Nombre total de pages vues

Translate

mardi 21 juin 2016

Conseils pour choisir sa pratique de la méditation et rappel historique

Source : http://stormy-faery.blogspot.fr/
La méditation est de plus en plus à la mode. C'est une bonne chose mais... il me semble que méditer pour l'aspect formel de méditer n'en est pas forcément une. Il convient donc de réfléchir à la pratique que l'on souhaite et qui nous correspond. Je voudrais aussi faire un petit rappel historique qui me semble important.

D'abord j'aimerai souligner le fait qu'il n'y a pas une mais de multiples façon de méditer. La méditation zen et assise n'en est en réalité qu'une parmi tant d'autres. Elle puise d'ailleurs son origine dans les pratiques chinoises taoïste et bouddhiste qui elles-même ont probablement, pour partie puisé dans la tradition importée d'Inde. On peut en dénombrer de multiples formes : médiations assises qu'elles soient passives ou actives, avec ou sans visualisation, avec ou sans mantra, méditations en mouvement (tai chi chuan, qi gong, marches) etc.

Les plus anciennes traces de telles pratiques, en Chine, datent de 3000 ans av. Jésus-Christ dans le Huang Di Nei Jin (canon de l'Empereur Jaune). Elles avaient pour but de préserver la santé physique mais également de travailler sur le mental et apaiser l'esprit. En effet, en Orient, ces deux aspects ne sont pas séparés mais sont intimement liés. Elles ont pour nom Dao Yin, Qi gong etc. et son encore pratiquées aujourd'hui.

Ce n'est que plus tard, que le mouvement du bouddhisme Chan a été importé au Japon pour donner le bouddhisme Zen et que ces pratiques ont été réduites à la méditation assise telle qu'on la connait aujourd'hui. Des marches méditatives, moins connues, ont également été conservées par ce courant.

 Pourquoi un tel rappel historique ? Tout simplement pour démontrer qu'il existe un grand nombre de méthodes méditatives et qu'il me paraît judicieux de ne pas s'enfermer dans une seule qui ne nous convient pas forcément en pensant que c'est la seule possible et valable. Ainsi j'invite plutôt à la curiosité et à trouver la forme qui nous convient vraiment. 

Autre conseil  : justement la méditation assise est plus adaptée aux orientaux qu'aux occidentaux, qui eux auront généralement plus de bénéfices concrets avec des méthodes impliquant ce grand oublié de notre culture qu'est le corps. Et ce d'autant plus qu'une bonne partie d'entre eux passent déjà beaucoup trop de temps assis (voiture, tv, ordinateur etc.).

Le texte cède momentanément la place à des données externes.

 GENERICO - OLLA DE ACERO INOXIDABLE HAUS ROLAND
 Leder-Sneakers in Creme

Cependant dans l'idéal j'aurais tendance à recommander de pratiquer et connaître au moins 3 pratiques différentes bien ciblées :
  • Une pratique impliquant le corps pour les raisons évoquées. A choisir en fonction de vos goûts, possibilités, de la facilité de mise en œuvre  etc. : tai chi chuan, qi gong, dao yin, yoga etc. Mais ce peut être aussi plus sportif comme la marche, de l'escalade, etc.

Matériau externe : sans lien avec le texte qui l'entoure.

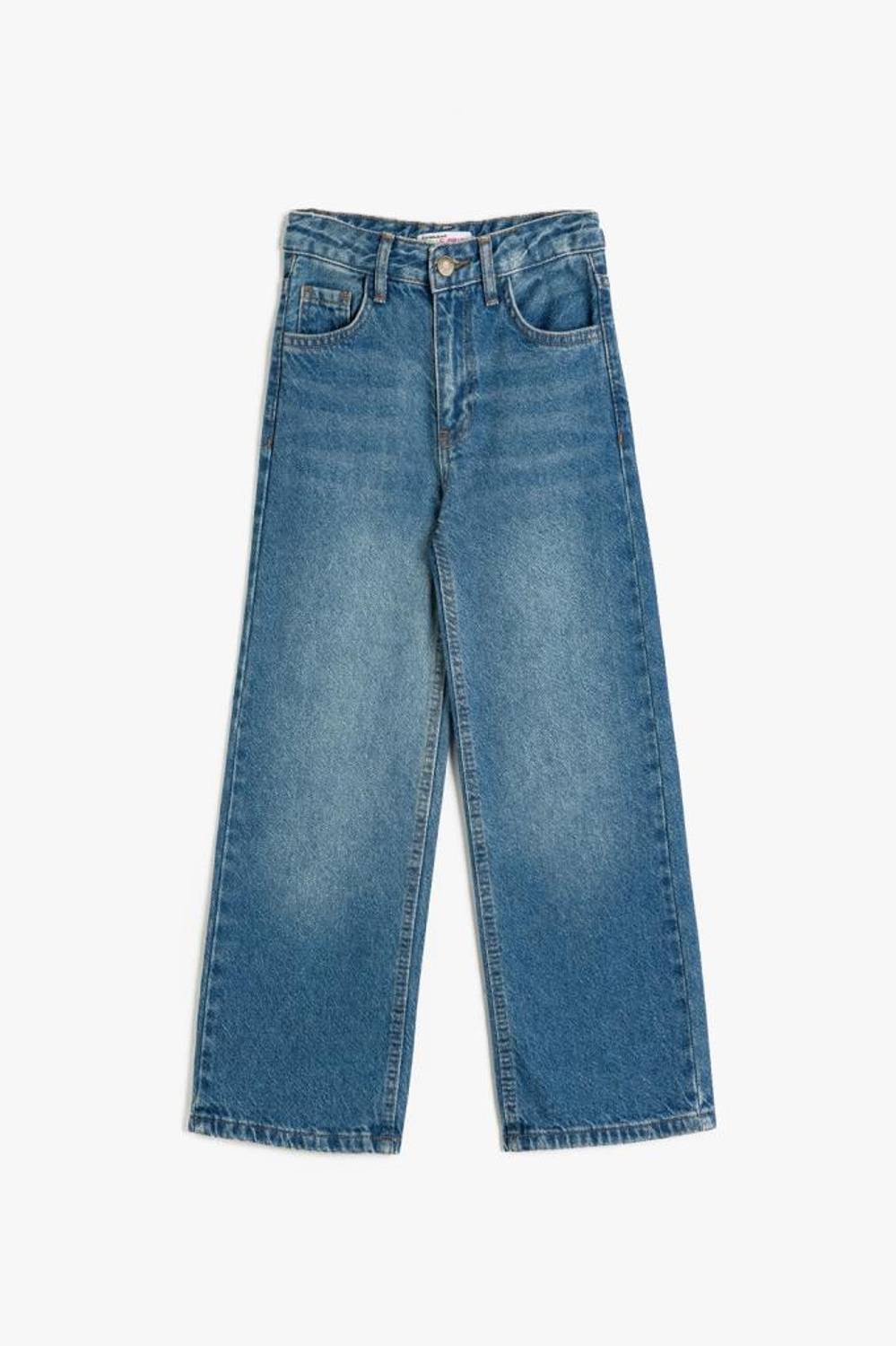 Koton Kız Çocuk Bol Paça Kot Pantolon - Wide Leg Jean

  • Une pratique de méditation plus statique type méditation assise, ou couchée. Avec ou sans visualisation, matra etc. . Adaptée aux moments où l'on a moins d'énergie, ou plus besoin de calme, de se poser. Elle est très complémentaire de la première. Et j'aime d'ailleurs la pratiquer juste après celle-ci.

  •  Une méthode de méditation guidée (mindfullness, sophrologie etc.) avec ou sans musique selon les goûts. Très adaptée selon moi à tous ces moments où l'on est en période de stress important, face à des difficultés quelles quelles soient, ce qui généralement exacerbe nos émotions et entraîne une difficulté à prendre du recul, à lâcher prise, à se poser, un mental très volubile et envahissant. C'est la pratique à avoir près de soi dans sa trousse de secours car plus facile à mettre en œuvre que les précédentes. Casque sur les oreilles, le seul effort à faire est de se laisser guider. Les autres méthodes demandant un effort supplémentaire que nous ne sommes pas toujours capable de fournir dans ces moments là, malgré le besoin évident de pratiquer.
Inutile donc de culpabiliser, de se juger parce qu'on n'a pas pu pratiquer et que l'on a flanché. Tout est impermanence comme le disent les orientaux. Selon ce principe puiser dans ces trois grand groupes de méthodes permet justement une meilleure écoute et respect de soi, de ses limites et de garder une pratique vivante au plus près de soi en l'adaptant à nos besoins du moment. Ainsi l'on peut obtenir une certaine forme de régularité mais dans la variété, sans s'endormir.

Voilà en tout cas la conclusion à laquelle je suis arrivée et l'équilibre personnel que j'ai trouvé après beaucoup d'années de pratiques diverses et d'enseignement notamment du tai chi chuan.